Maybe it is age showing through here, but we believe that companies, investors and especially market commentators are using the wrong model.  The focus is on 2008, and you see charts comparing the market loss with that of 2008 and the VIX with that of 2008, showing that we have hit the same magnitude and suggesting that everything is priced in. 

While these opinions might be correct, we do not believe that there are many similarities to 2008 and that the comparison is short-sighted, and misleading.  The global recession of the early 80s is perhaps more representative, but also not a good base, because at that time we had extremely high interest rates all around the world and the economic weakness was driven by inflation partly driven by a rapid increase in energy prices.  We do think that the early 80s is a better proxy for chemical and other manufactured product demand – just in a more compressed period.  There were three years of successive global chemical demand declines in the early 80s with the total percentage drop 50% higher than in 2008.  We think that is what you will see in 2020, compressed into two or maybe three very bad quarters.

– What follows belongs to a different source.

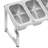 Freestanding Stainless Steel Spice Jar & Rack Set with Adjustable Racks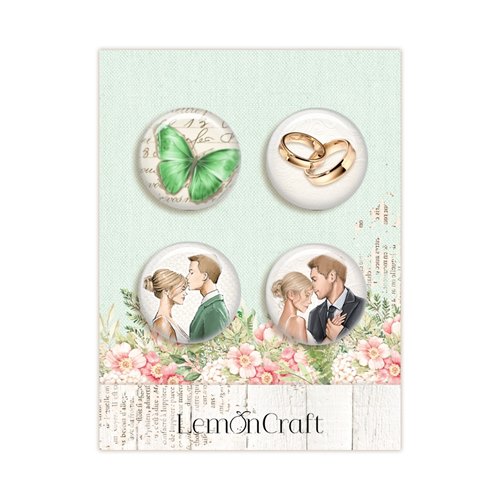 Buttons Greenery (self adhesive, dia around 2,5 cm)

In 2008 we saw a dramatic decline in US Auto sales – and something similar in Europe.  With the expected rise in unemployment in the developed world, not only are we likely to see a collapse in auto demand that makes 2008 look like a good year, but we may also see the auto credit bubble burst.  Governments are stepping in to prevent people losing their homes, but they are unlikely to step in to protect “nice to haves” like cars in an organized manner.  They may prevent auto lenders from foreclosing and taking vehicles back, but the pain is likely to be felt by the lenders.  If this turns into an ugly mess, we may see a permanent dent in demand for car financing as the consumer becomes more conservative and lenders more leery.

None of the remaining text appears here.